# Aim of the task
The entries below contain a line with "Crédence cuisine en" and a line with "kristelltender1 online show". Retype exactly everything from the first down to the second, both included, and nothing else.

# Data provided
_____

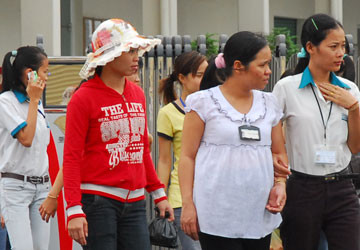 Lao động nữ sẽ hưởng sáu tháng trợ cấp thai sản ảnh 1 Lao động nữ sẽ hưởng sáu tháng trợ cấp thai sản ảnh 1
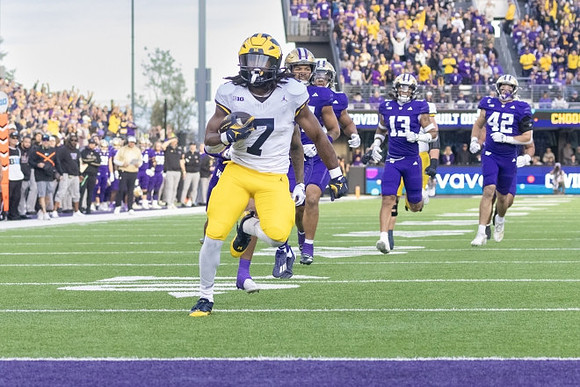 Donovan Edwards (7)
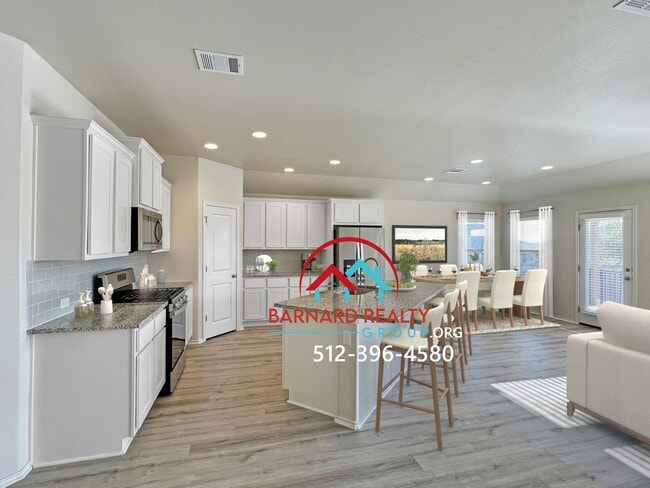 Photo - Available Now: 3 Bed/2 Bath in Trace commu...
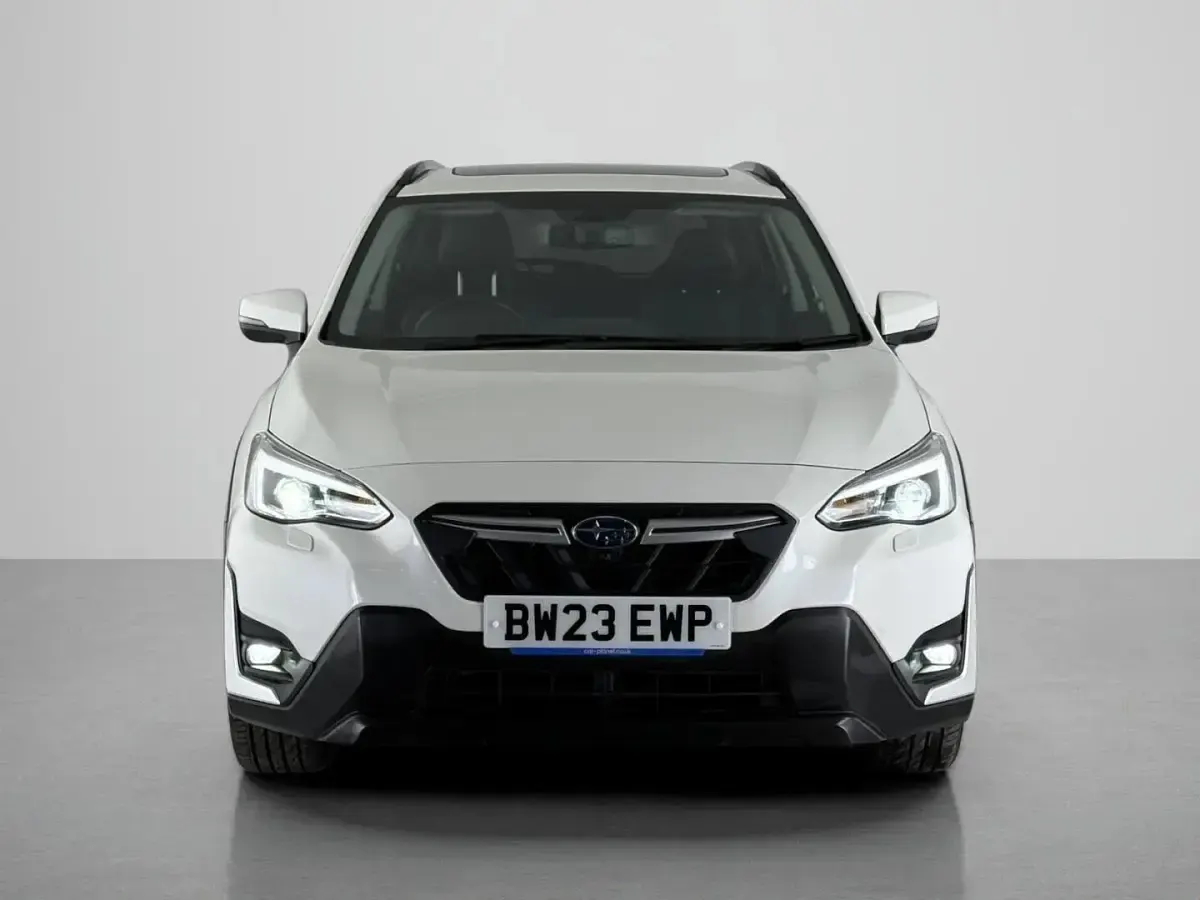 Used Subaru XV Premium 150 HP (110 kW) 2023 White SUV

_____

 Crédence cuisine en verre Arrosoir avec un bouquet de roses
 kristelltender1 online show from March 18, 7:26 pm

_____

# Worked solution
 Crédence cuisine en verre Arrosoir avec un bouquet de roses
 kristelltender1 online show from March 18, 7:26 pm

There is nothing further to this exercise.